On the heels of the rapidly subsiding waves of controversy caused by the “SPLASH” of the Deadly Vipers controversy (read more: here, here, here, and here), I find myself  puzzling anew over the whole issue of how Asian-American identity is constructed, what is the relationship between ethnic identity and faith, how and whether to speak up and at what cost, and even how to bring others along on the journey without only being angry.

It strikes me that one of the basic underlying struggles is rooted in the question of what it means to be an authentically ethnic and Christian person when one either is or is immediately descended from people who intentionally forsook their ethno-cultural matrix in order to make a home in North America.  Or in other words, maybe it isn’t just the Francis Chan’s of the world who are sell outs.  Of course no one is actually calling the man a sell-out, it’s just making a point and raising a question about how much one’s ethnicity ought to be in play in an intentional kind of way, especially as a Christian.

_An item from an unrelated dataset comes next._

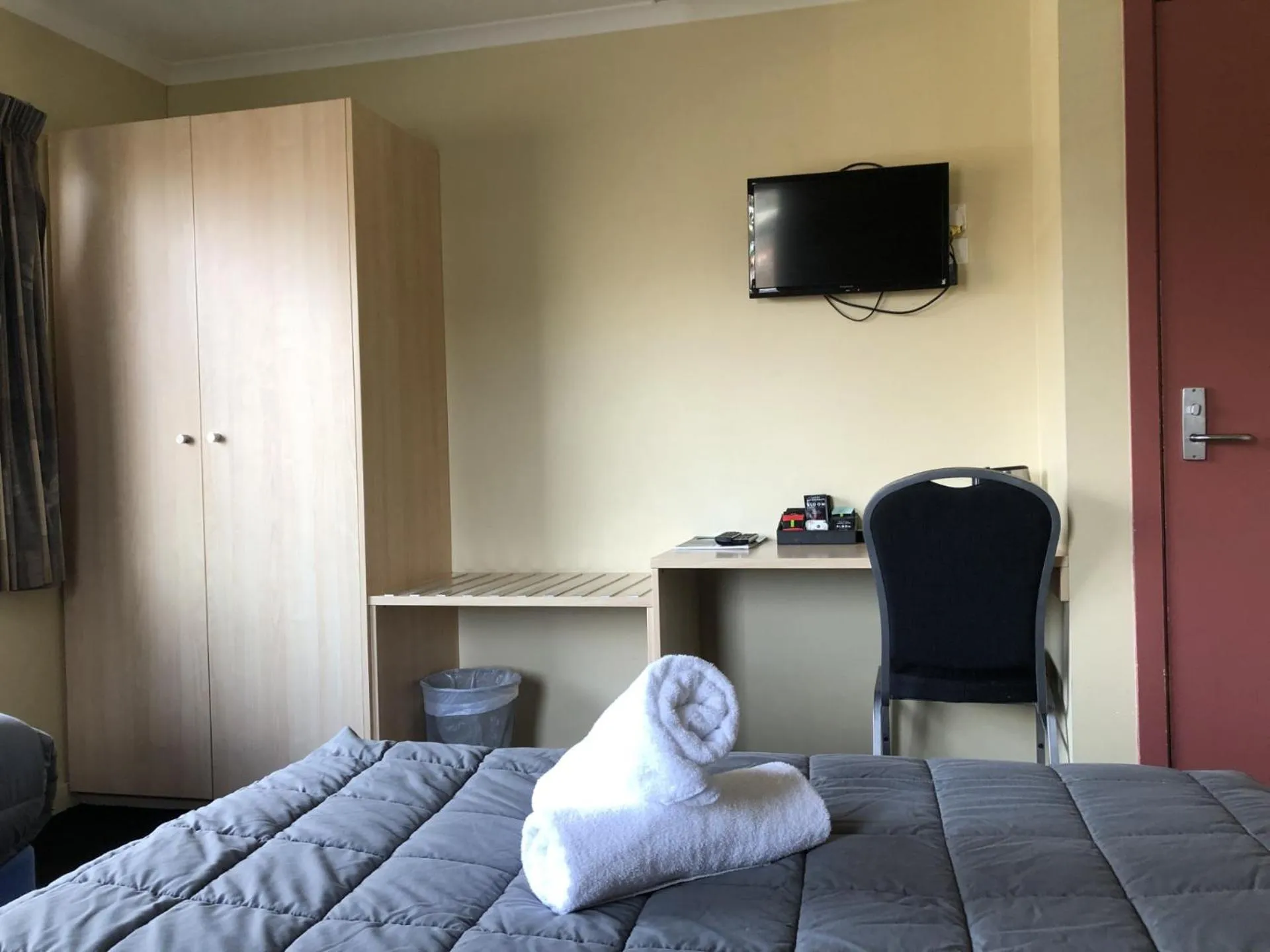 Bed in Pinewood Queenstown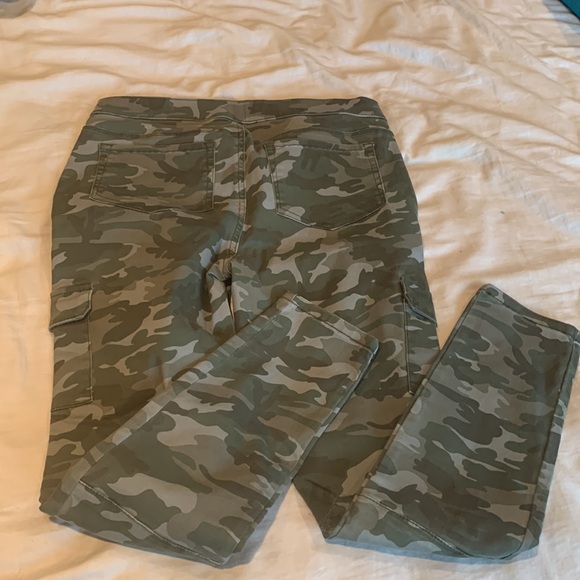 Justice Camo Leggings - Picture 4 of 5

But there is a larger and more problematically complex issue at stake here.  The racial history of the United States has created an oddly distorted racialized system that has been a double-edged sword for Asian Americans.  East Asian immigrants particularly enjoy quite remarkable economic and educational success in the United States and Canada.  And the reality of immigration is such that those who chose to leave their home countries came generally (though not always) with quite significant economic, educational, or entrepreneurial drive that made their ability to climb the ladder of economic opportunity much more likely than those left behind in their native lands .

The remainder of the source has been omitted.